I can't comment about the programming language aspect, but here is the logical aspect. A sequent is an expression of the form
$$ A_1,\ldots,A_n \vdash B_1,\ldots,B_m $$
whose meaning is "if $A_1,\ldots,A_n$ hold then one of $B_1,\ldots,B_m$ holds", that is
$$ (A_1 \land \cdots \land A_n) \to (B_1 \lor \cdots \lor B_m). $$
Sequent calculus is nice since its laws enjoy a certain symmetry between the two sides that reflects the de Morgan symmetry between AND and OR.
Weakening is the law that states that you can a formula to either side of a sequent.

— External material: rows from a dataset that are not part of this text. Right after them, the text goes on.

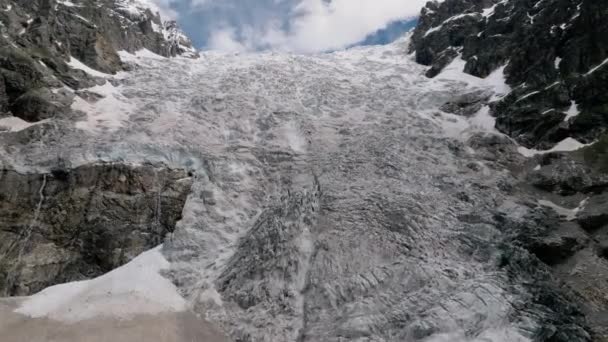 Adishi Gletscher Großkaukasus Georgien Svaneti Region Drohnenschuss Aus Der Luft — Stockvideo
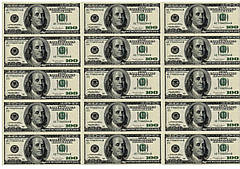 Вафельна картинка гроші "Долари"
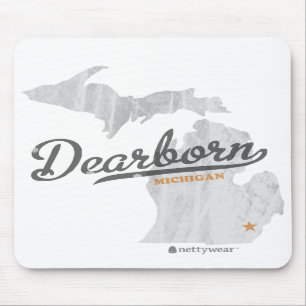 Dearborn Michigan Map Retro Mousepad Muismat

That is, if a sequent $\Gamma \vdash \Delta$ is true (where $\Gamma,\Delta$ are sequences of propositions), then for every formula $X$, both sequents $\Gamma,X \vdash \Delta$ and $\Gamma \vdash \Delta,X$ also hold.
Contraction states that if a formula appears twice one of the sides, then an equivalent sequent is obtained by removing the duplicate. That is, if $\Gamma,X,X \vdash \Delta$ then also $\Gamma,X \vdash \Delta$, and similarly for duplicates on the other side.
One more structural rule, permutation, allows us to reorder formulas: if $\Gamma,X,Y,\Delta \vdash E$ then also $\Gamma,Y,X,\Delta \vdash E$, and the same for the other side.